To try to put my thoughts in some sort of order, I went for a walk. (I agree with Dickens who said, “If I could not walk far and fast, I think I should just explode and perish.”) As I passed by one of the houses in my neighbourhood, I heard someone practicing piano and remembered how much I had yearned to play as a small child. However, I lived in the back of beyond; I don’t know if there was even a piano in our remote community. I did find a book, though – I wonder now, where I found it, since there was also no public library and our school was only tiny, one room for the 9 students. In the book was a picture of piano key board and I used to “play” it for hours. It made me think, though: if instead of tweeting and blogging and facebooking right now, I were practicing piano, I’m sure I would not be a better or worse teacher – merely different. Instead of learning widely, I’d be learning deeply and could bring that perspective to my community. And that’s okay.
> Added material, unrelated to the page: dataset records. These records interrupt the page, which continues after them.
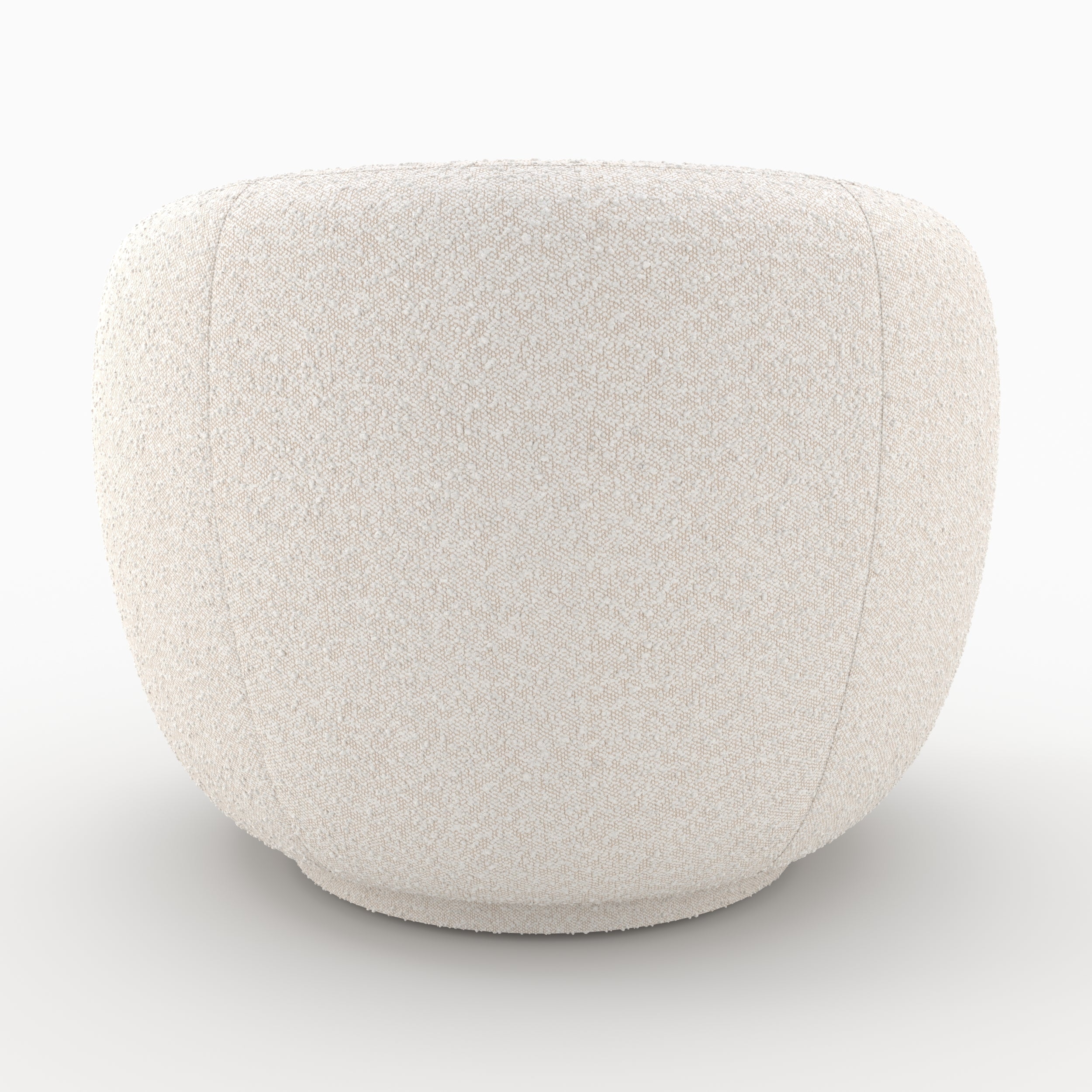 Naya - White Bouclé Fabric Armchair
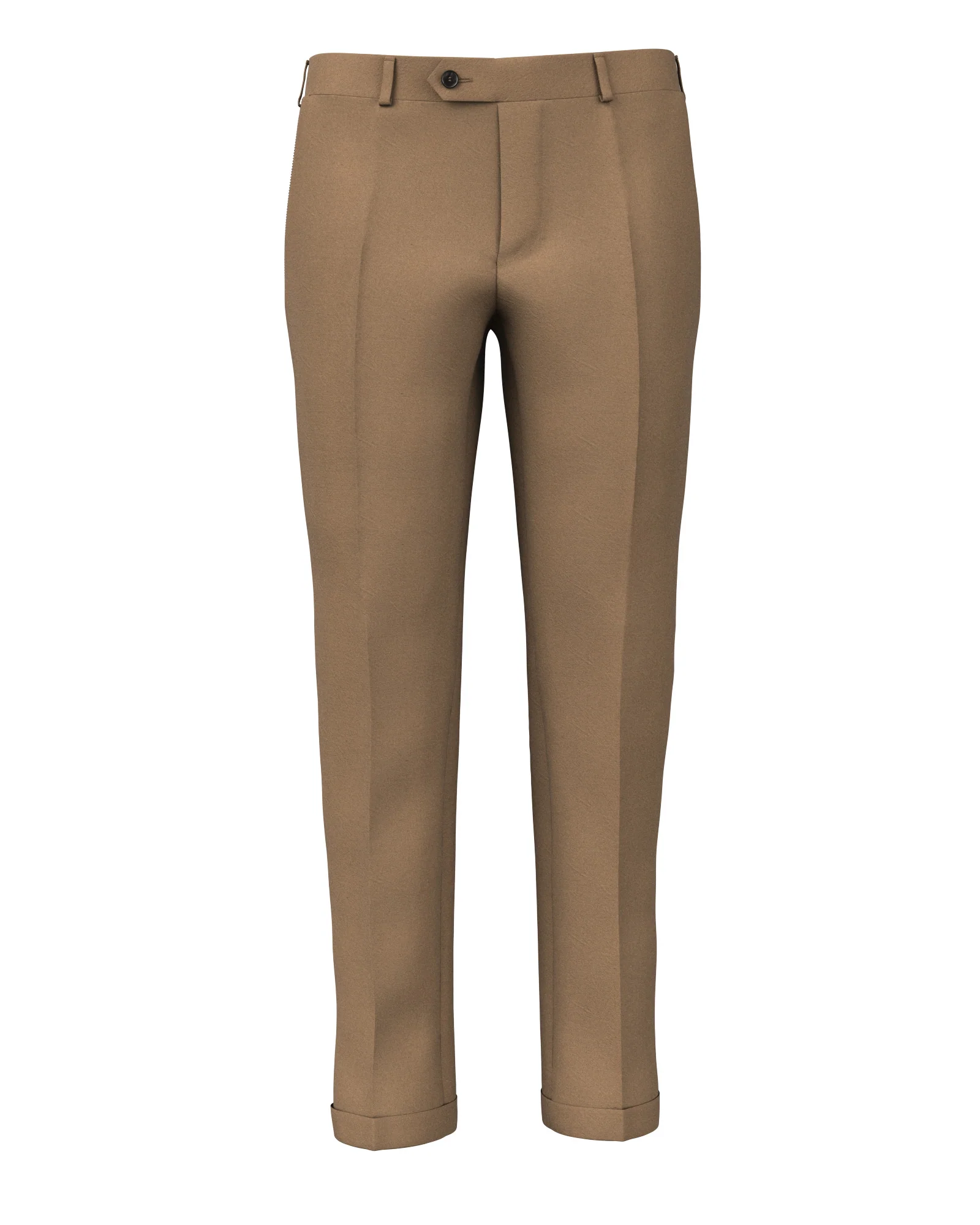 Pantaloni beige in twill di cotone e seta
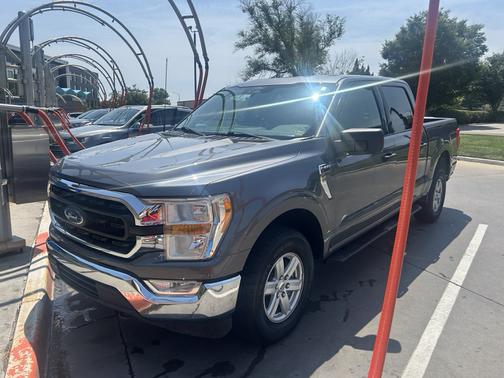 Gray 2022 Ford F-150 XLT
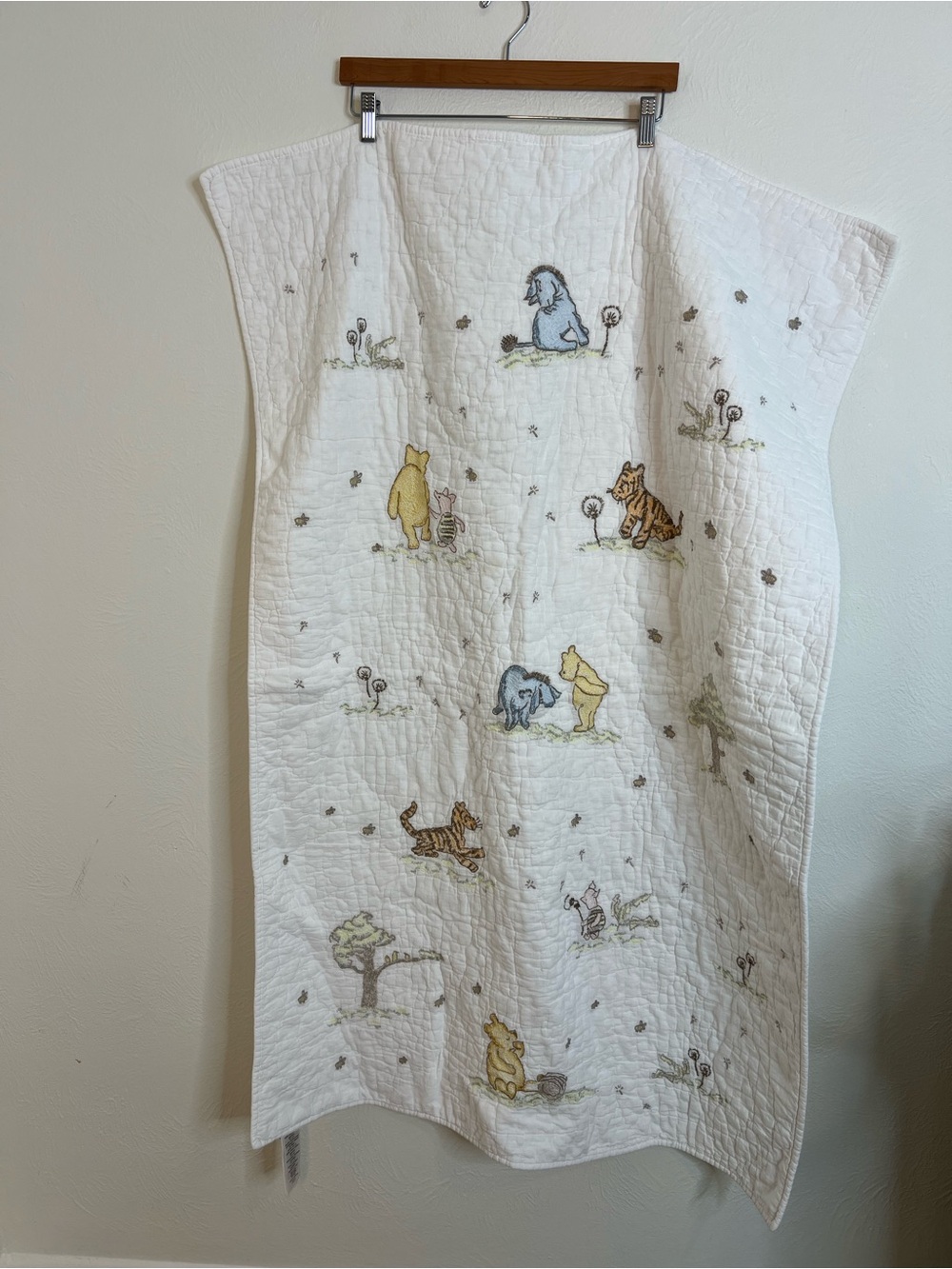 Pottery Barn Disney Winnie The Pooh Baby Quilt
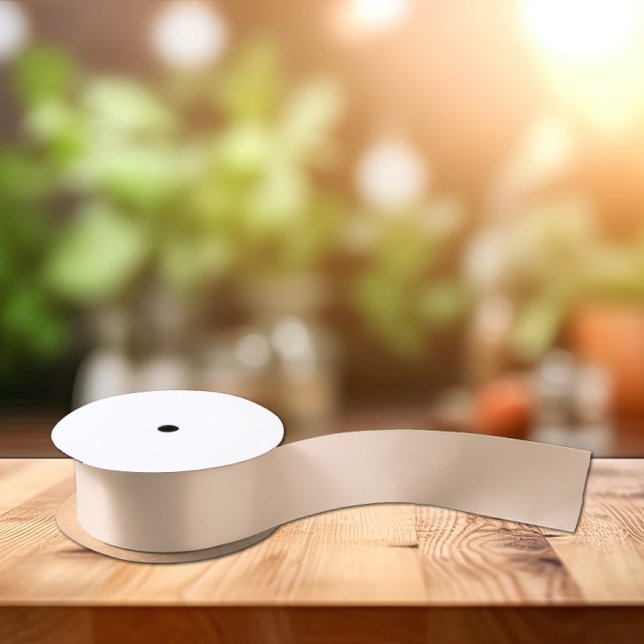 Trend Colours - Peach Blush Colour - Solid Satin Ribbon (Creator Uploaded)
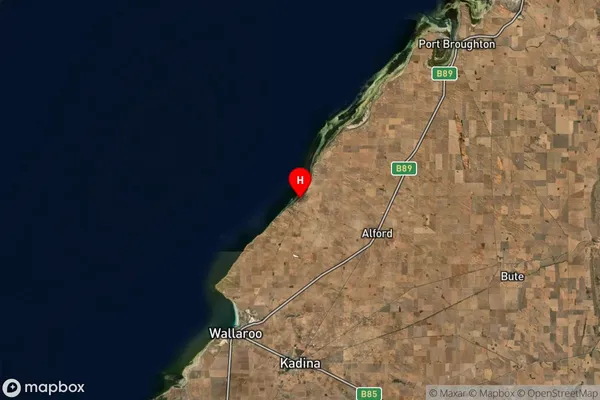 Tickera,South Australia Satellite Map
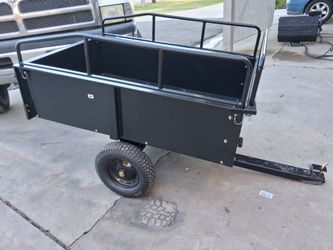 Garden trailer utility dump trailer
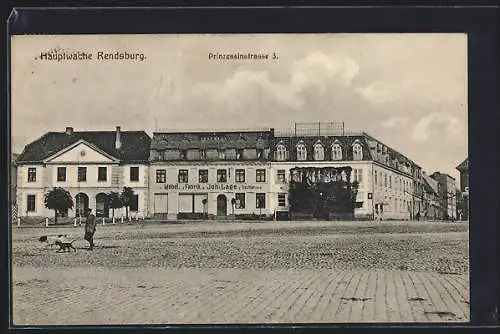 AK Rendsburg, Hauptwache in der Prinzessinstrasse 3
On the other hand, I’m beginning to believe that it’s not okay for today’s educational leaders to be unconnected (in the unplugged sense). Part of the reason is related to the little girl I was. Today, even in remote communities, children who yearn to learn anything, can. But someone needs to know about the possibilities, and certainly it strikes me that school leaders, at the very least, ought to be immersed in those possibilities if they are going to make key decisions and support magnificent learning in their communities. I am beginning to believe that an educational leader who is not connected is like an English teacher who has never read Shakespeare and hates poetry – he or she can technically do the job, but not with depth or integrity or authenticity. But everybody doesn’t need to know everything – certainly I don’t hold it against my math teacher friend that he has never read Shakespeare, unless you count the Cole’s Notes versions (although I think it’s sad; he thinks my inability to solve complex mathematical puzzles sad, too – and so do I); our communities are richer for our diverse strengths and passions. I have a colleague who is an artist. She has an art studio and brings the most glorious art-infused slant to teaching and learning. I lean on her shamelessly for artistic inspiration. I’m grateful that she dives deeply in a different direction than I do, but I pay attention, when I’m “out there” to bring things to her (I just sent her this link to a Love Lettering project that I found through my Twitter network and am excited to think about what she might do with it!). She and I have been talking about district-wide art experiences to connect and re-vision in our community, and I’m thinking about technology platforms that would bring the idea to reality. I’m also pondering how to effectively connect teachers in our community to some of the work she has done and am following a trail of ideas about matching people like her who are passionate about art to more of our students, and the possibilities in the idea Mimi Ito calls eHarmony for students, “an optimal matching algorithm, for 1-1 virtual mentors.”
So back to Sheryl’s question – is it okay for educators not to be connected? No. But they don’t have to be connected in the same way to the same things (Twitter is definitely an optional connection!). However, our schools, our district, our education systems (via our educational leaders) need to be lit up with connections, face-to-face connections certainly, but also virtual ones; they need to have plug ins and channels out everywhere that allow us to use the diverse strength of the extraordinary educators everywhere, all the time, in ways we have never imagined so we can serve all our children with the abundance that is a click away. (And now I think I’ll take a break from thinking to play on the virtual piano I found!)